O debate também se anima em relação ao cenário fracionado dos acordos ambientais multilaterais que cobrem do clima à biodiversidade e produtos químicos a detritos, cada um com, por exemplo, suas próprias conferências e órgãos subsidiários. O financiamento da dimensão ambiental do desenvolvimento sustentável também é complexo e fragmentado, espalhado como é ao longo de instituições e instalações. Mesmo nas mais práticas das avaliações, os arranjos existentes são difíceis para muitos países e especialmente os em desenvolvimento, com parca capacidade financeira e humana. Ao longo do período de 1992-2007, por exemplo, houve mais de 540 reuniões ligadas a 18 tratados ambientais.

Estas reuniões geraram mais de 5.000 decisões, sobre as quais se requer que os países ajam. Ainda resta muito esforço politico pesado para que esta discussão amadureça e que se chegue a alguma conclusão final e talvez de grande significância. Mas algumas coisas estão claras. No Conselho Governativo do Pnuma, os ministros do Meio Ambiente do mundo todo acordaram que o status quo não é uma opção, e dois abrangentes caminhos têm emergido – reformas incrementais e fundamentais.

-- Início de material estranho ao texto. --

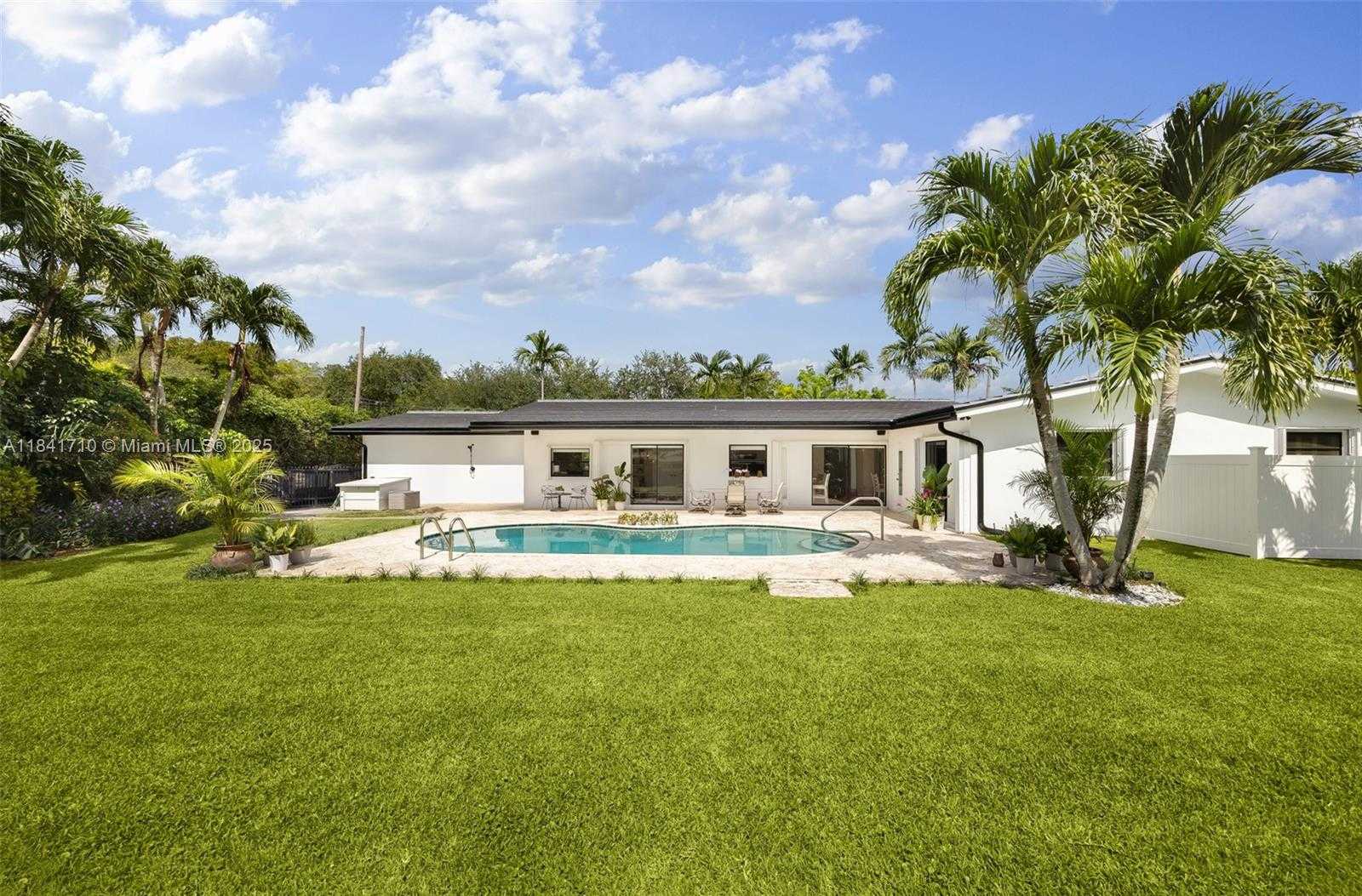 Small Image of 11651 SOUTH WEST 72ND PL, Pinecrest Number 24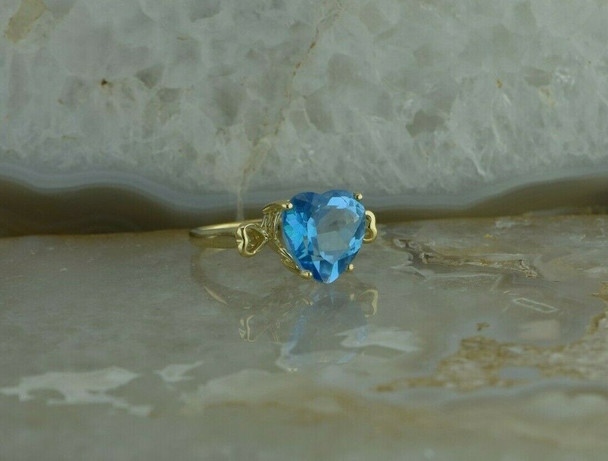 10K Yellow Gold Blue Stone Ring Heart Shaped Gold Side Mounts Size 7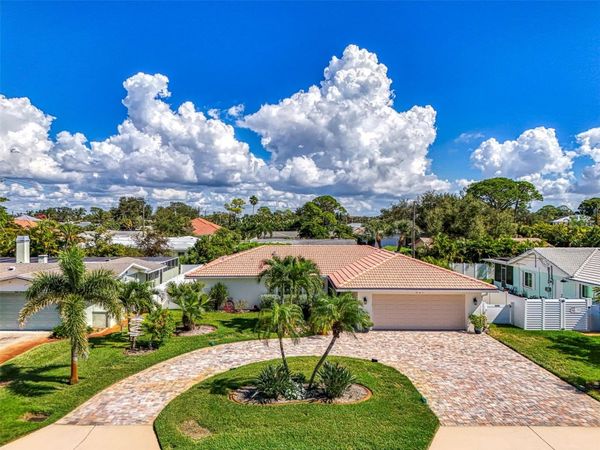 829 HARBOR DRIVE S, VENICE, FL 34285
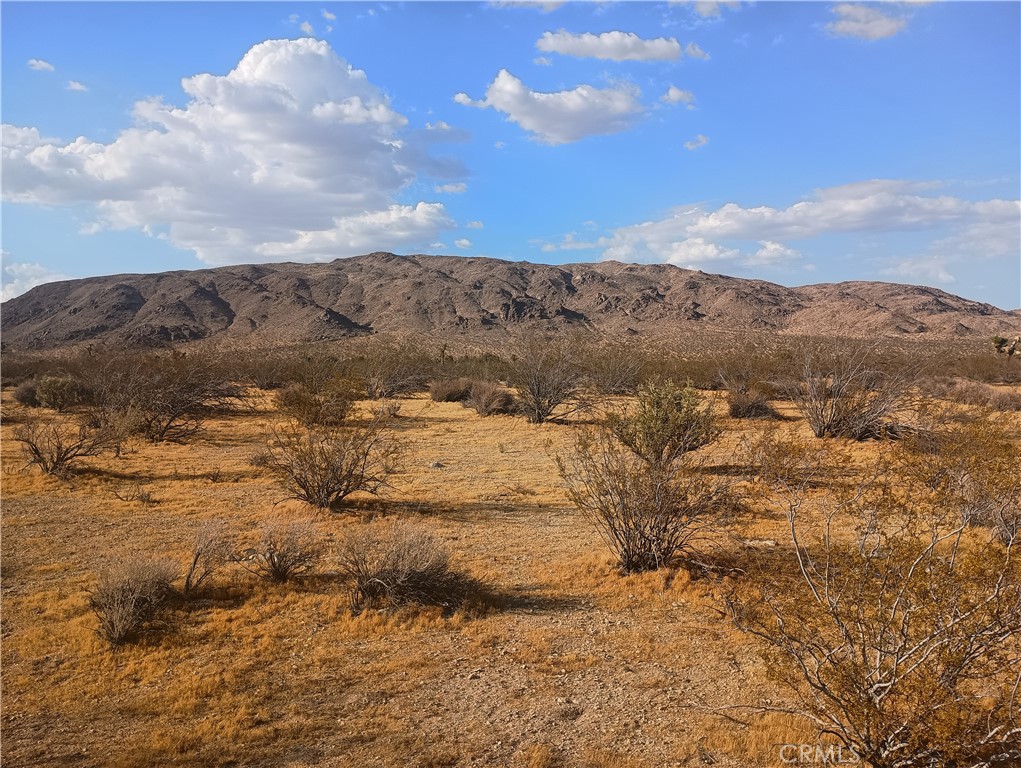 12963 Sunset Drive Property Photo 2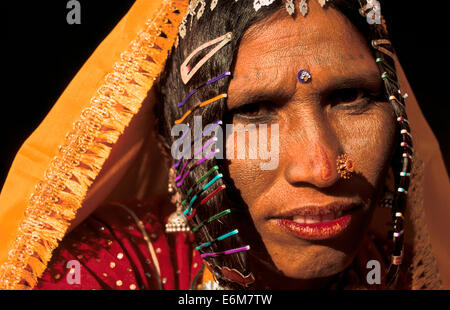 Traditionell gekleidete hindu Frau Leben in der Wüste Thar. Sie gehört zu einer niedrigen Kaste (Indien) Stockfoto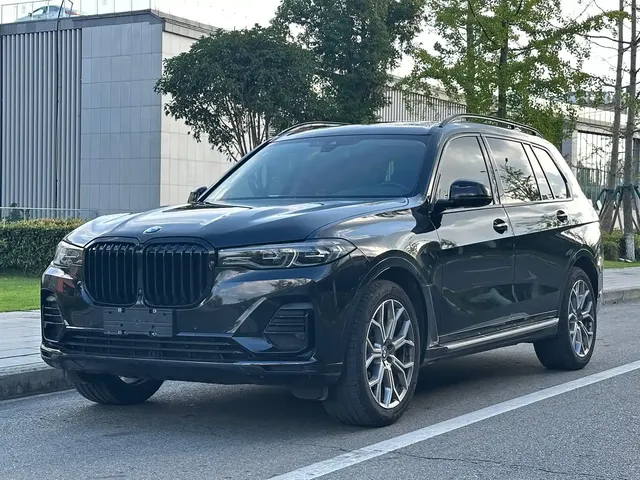BMW X7 2022 xDrive40i Leading Luxury Package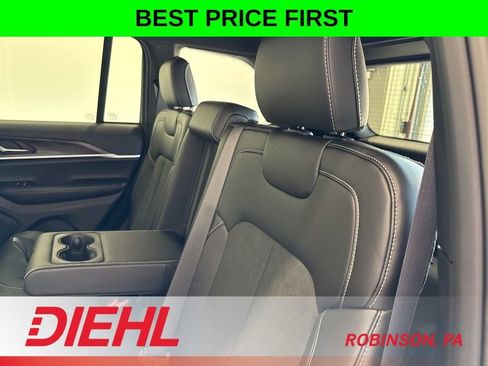 New 2026 Jeep Grand Cherokee Altitude AWD/4WD image 17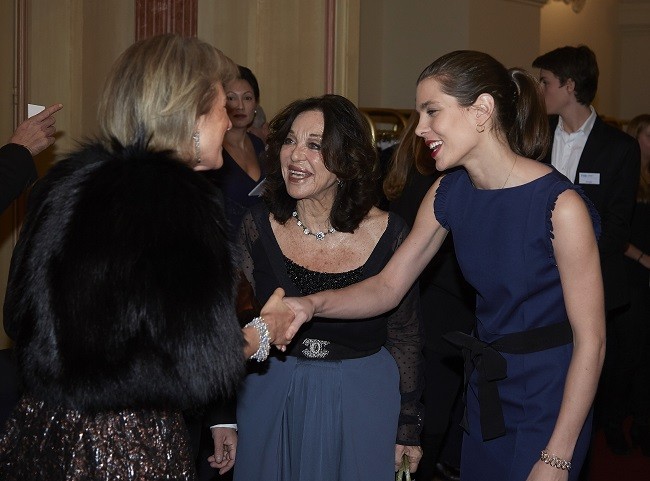 La princesa Astrid de Bélgica saluda a Carota Casiraghi durante la cena de gala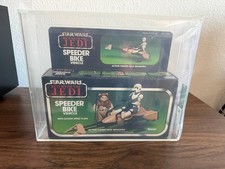 Vintage Kenner Star Wars Speeder Bike AFA 80 NM 1983 Kenner Toys NO FLAP CREASE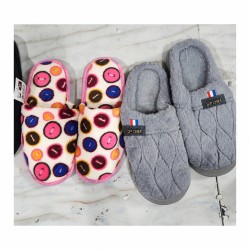 Detalle 1: Caja de 160 pares de pantuflas nuevas surtidas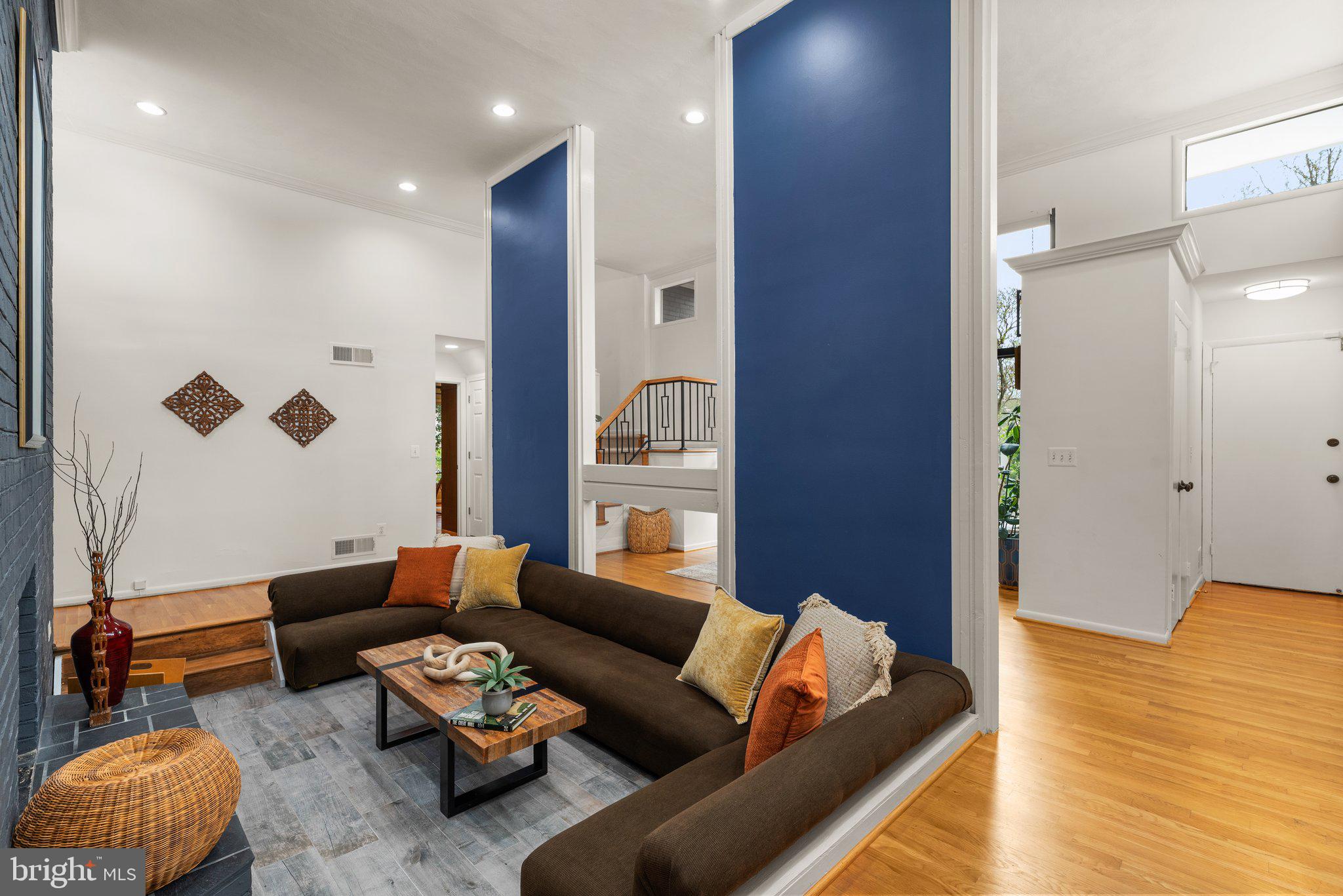 POTOMAC VILLAGE - Residential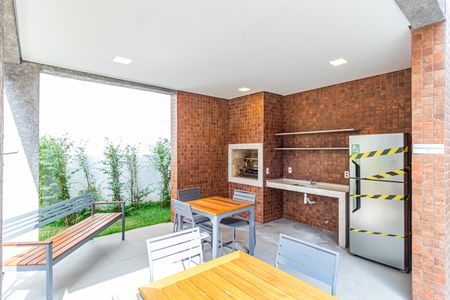 Apartamento para alugar com 33m², 1 quarto e sem vaga Apartamento para alugar com 33m², 1 quarto e sem vagaÁrea comum - Churrasqueira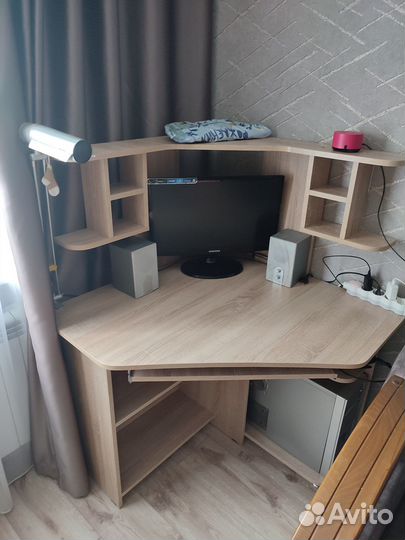 Компьютерный угловой стол
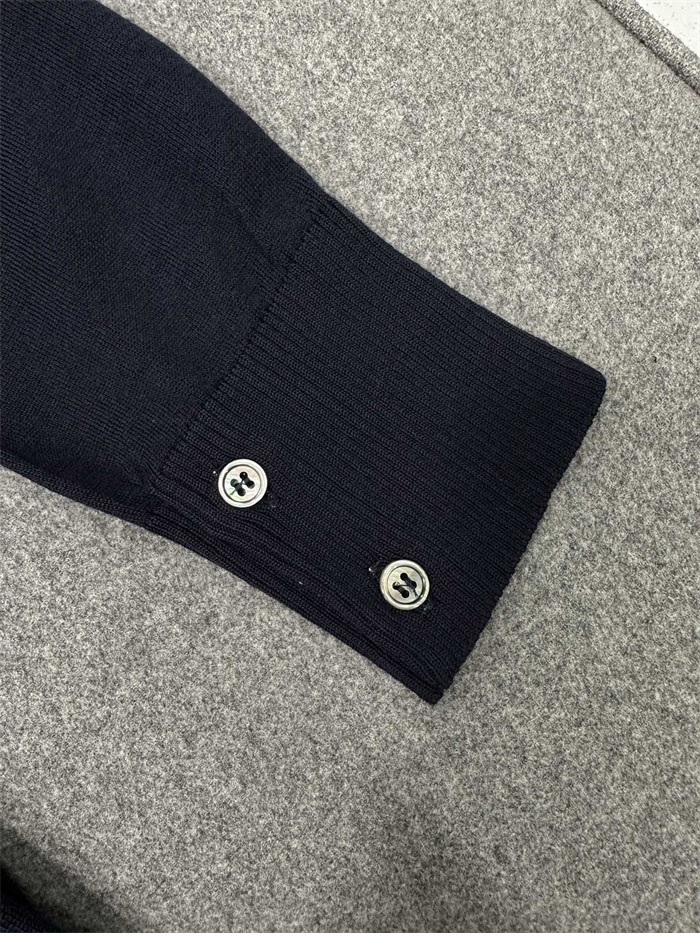 Thom Browne 톰브라운 사선완장 클래식 울 니트 스웨터 레플리카 23번 이미지 - 의류 | 세미샵 레플리카 사이트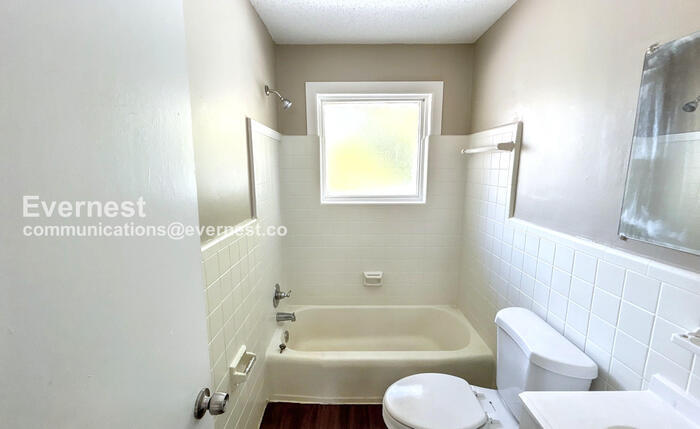 Building Photo - 1850 17th Ct N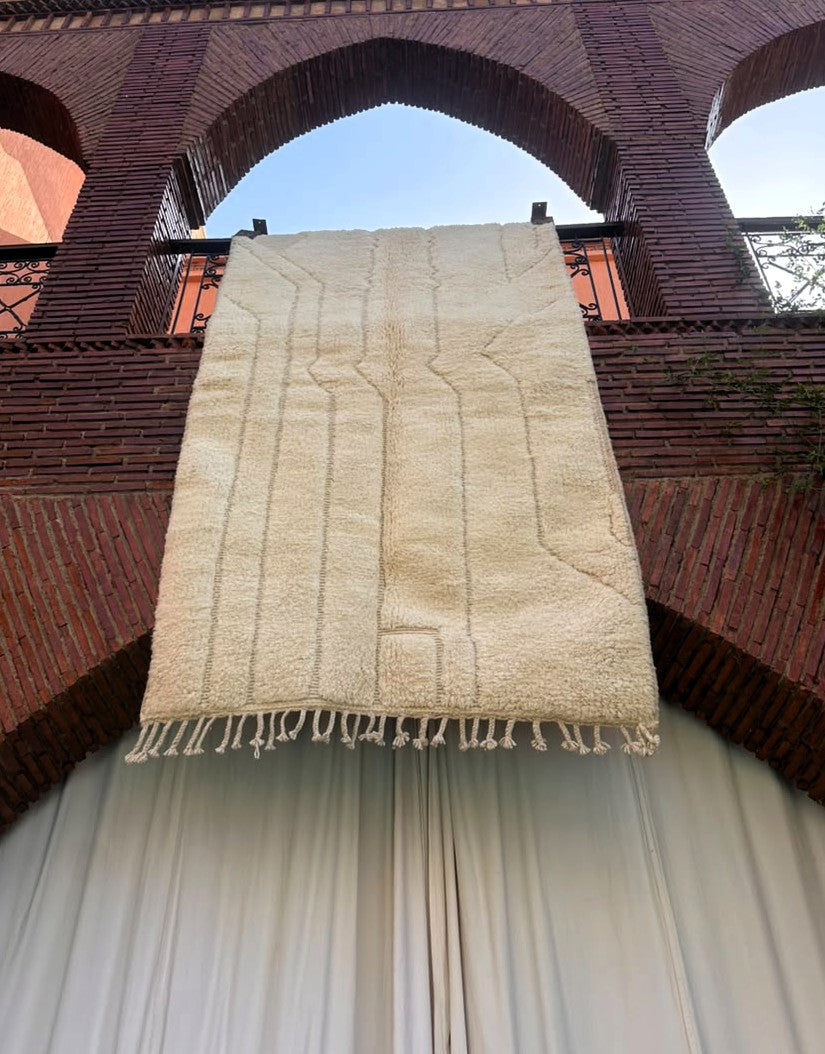 Tafingoult – Ivory Textured Moroccan Rug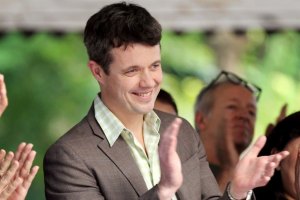 До Львова прилетів кронпринц Данії Фредерік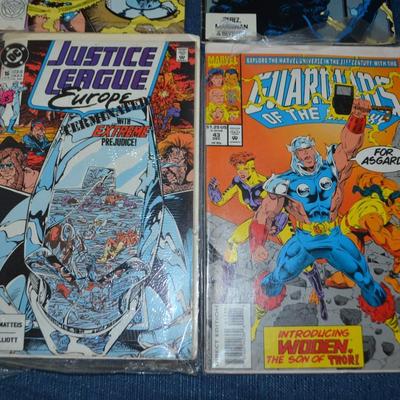 LOT 189. COLLECTION OF EIGHT COMIC BOOKS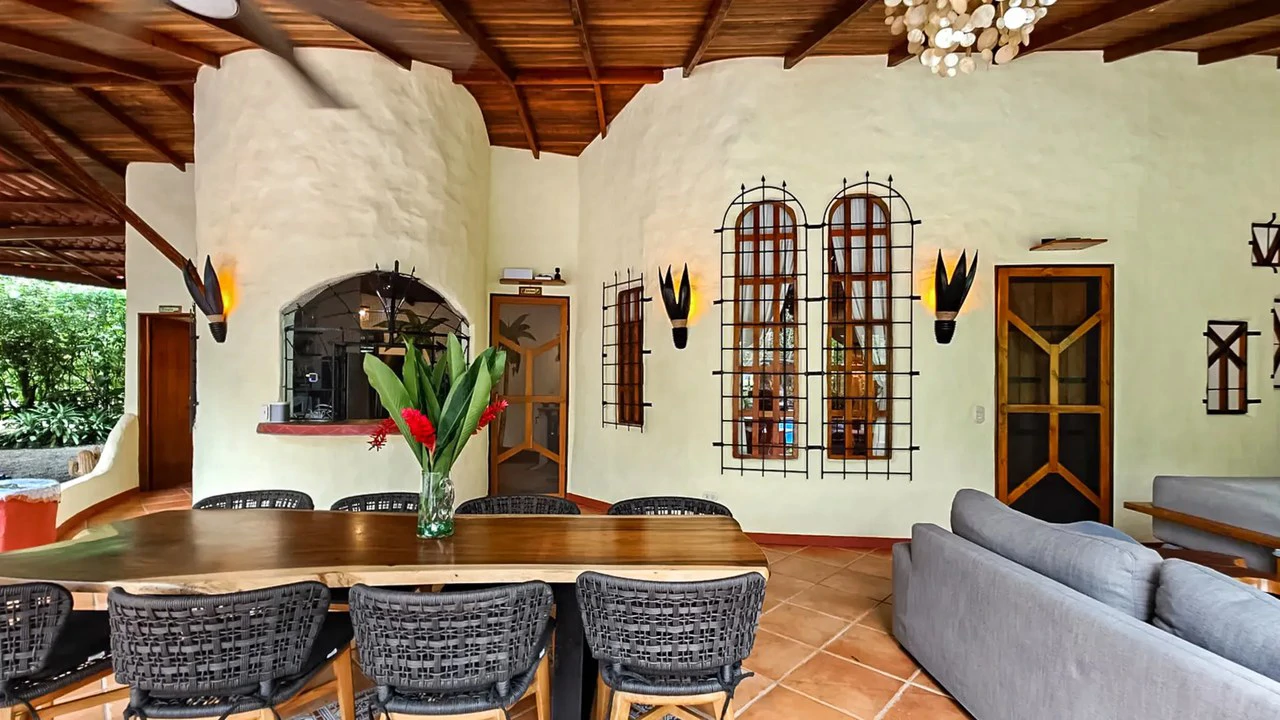 ID 956: Turnkey Entertainment Home with Pool on Titled 1,443m² Lot in Playa Chiquita - Gallery image 26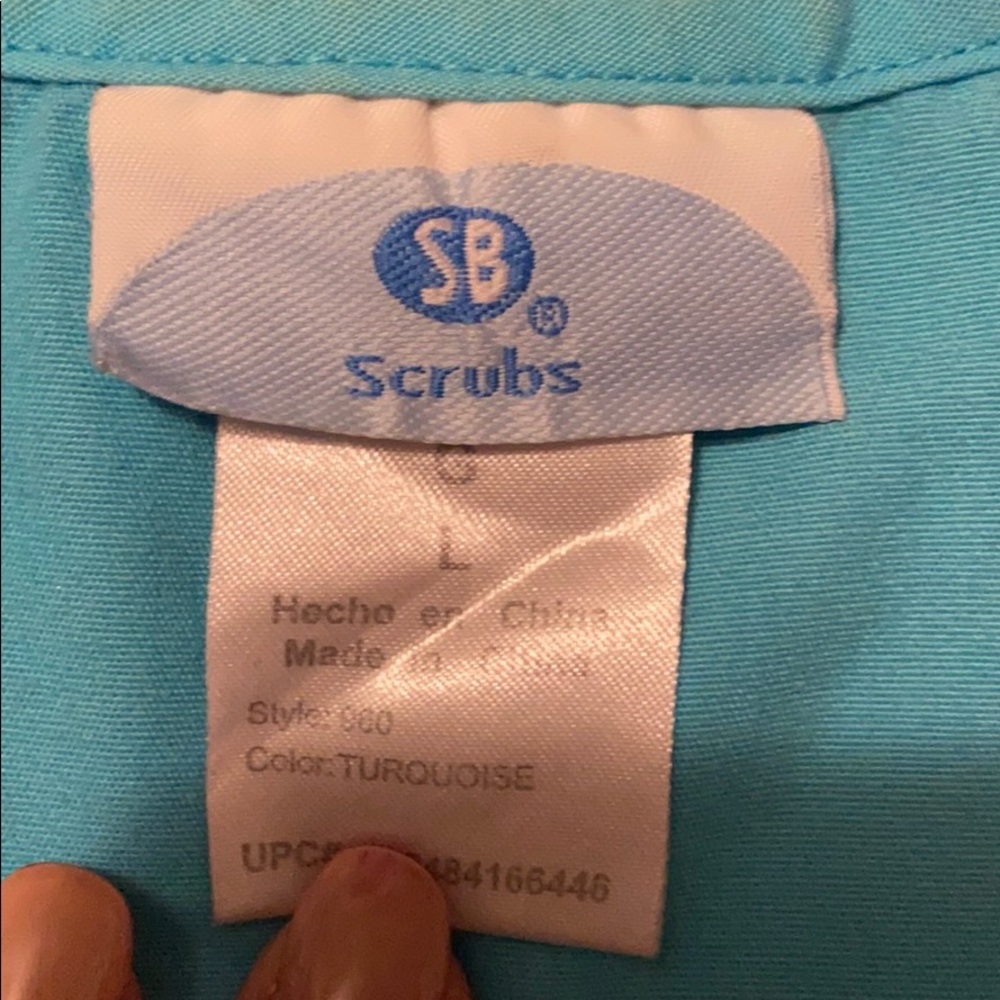 Scrub top - Picture 2 of 4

Os próximos 12 meses podem nos fornecer o esqueleto, o músculo e a visão sobre as quais estes caminhos podem ser levados adiante. Nós estamos vivendo em um mundo de desafios – muitos dos quais a ciência está confirmando que são ainda mais tangíveis, reais e urgentes do que talvez fossem em 1992. Mas também vivemos em um mundo de oportunidades imensuráveis, não menos para uma ruptura fundamental com os caminhos econômicos, sociais e ambientais do passado.

A Rio+20 pode ser mais uma data no calendário. Mas também pode ser um ponto de inflexão nos assuntos globais, em que a promessa do desenvolvimento sustentável feita há 20 anos é transformada de um ideal em uma realidade para quase 7 bilhões de pessoas.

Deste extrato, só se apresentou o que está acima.